COMET – Core Outcome Measures in Effectiveness Trials

The COMET Initiative supports investigators in developing and applying agreed standardised sets of outcomes, known as a ‘core outcome set’. These sets represent the minimum that should be measured and reported in all clinical trials, audits of practice or other forms of research for a specific condition.

They do not imply that outcomes in a particular study should be restricted to those in the core outcome set. Rather, there is an expectation that the core outcomes will be collected and reported to allow the results of trials and other studies to be compared, contrasted and combined as appropriate; and that researchers will continue to collect and explore other outcomes as well. The COMET website links to a database of outcome measures searchable by disease area and study type.

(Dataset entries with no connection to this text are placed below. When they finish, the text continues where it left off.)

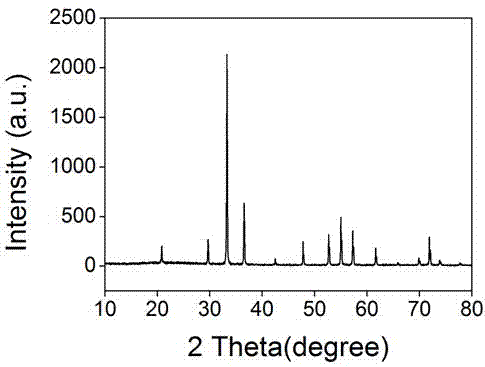 Micronano-structured and graphene based composite visible light catalytic material and preparing method thereof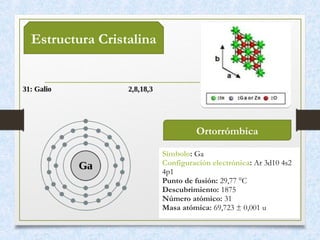 Símbolo: Ga
Configuración electrónica: Ar 3d10 4s2
4p1
Punto de fusión: 29,77 °C
Descubrimiento: 1875
Número atómico: 31
Masa atómica: 69,723 ± 0,001 u
Estructura Cristalina
Ortorrómbica
 
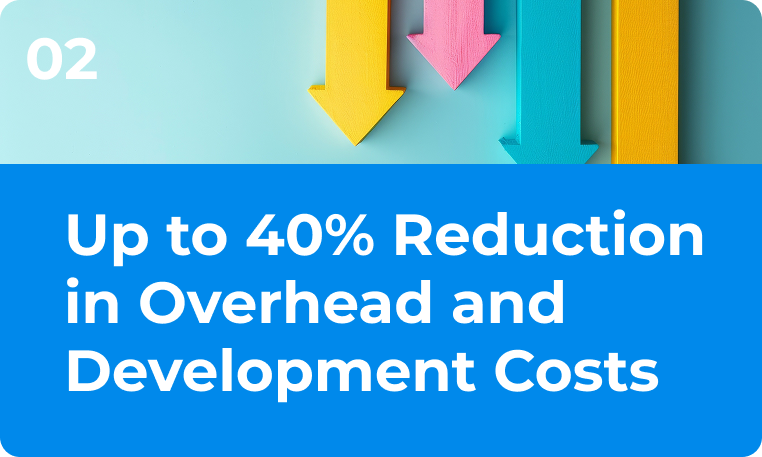 Up to 40% Reduction in Overhead and Development Costs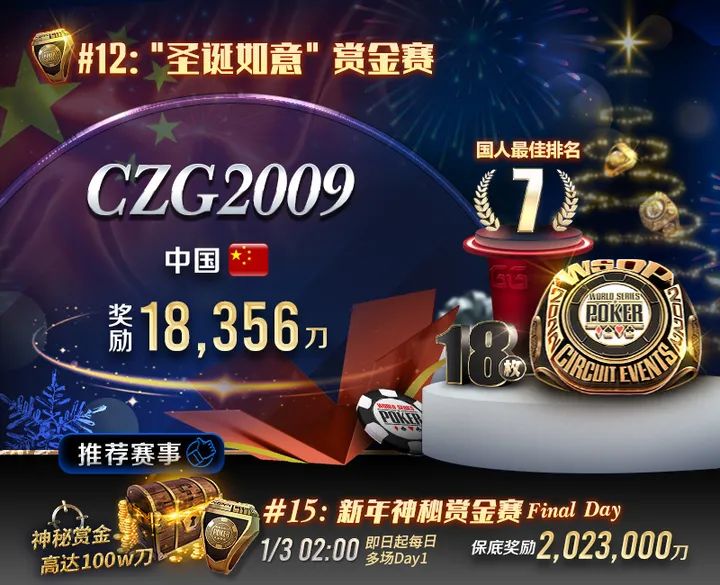 【EV扑克】国人河底见曙光!精彩超车勇夺WSOP圣诞如意赏金赛第七名佳绩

Patient-reported outcomes (PROs)

Patient reported outcome (PRO) data, such as quality of life and symptoms, if collected, analysed and reported appropriately can be used to inform shared-decision making, clinical guidelines and health policy.

Key considerations for researchers designing studies involving PROs, patient advocates and reviewers can be found on the Centre for Patient Reported Outcomes Research web based information resource.

International Consensus Guidance on the Inclusion of PROs in Clinical Trial Protocols: The SPIRIT-PRO Extension

University of Birmingham research has found that the patient-reported outcome (PRO) content of clinical trial protocols is often suboptimal. This may hinder trial implementation and reporting, limiting the extent to which PRO data informs shared-decision making, labelling claims, clinical guidelines and health policy. The SPIRIT (Standard Protocol Items: Recommendations for Interventional Trials) Statement was published in 2013 and aims to improve the completeness of trial protocols by providing evidence-based recommendations for a minimum set of items to be addressed. SPIRIT 2013, however, does not provide PRO-specific guidance. The Centre for Patient Reported Outcomes Research at the University of Birmingham and the Quality of Life Office at the University of Sydney, working with a range of international partners, including the HRA, and with funding from Macmillan Cancer Support have recently led the development of a SPIRIT-PRO Extension: a minimum checklist of PRO specific items for inclusion in clinical trial protocols.  The results will be published in the coming months and further details can be found on the CPROR website.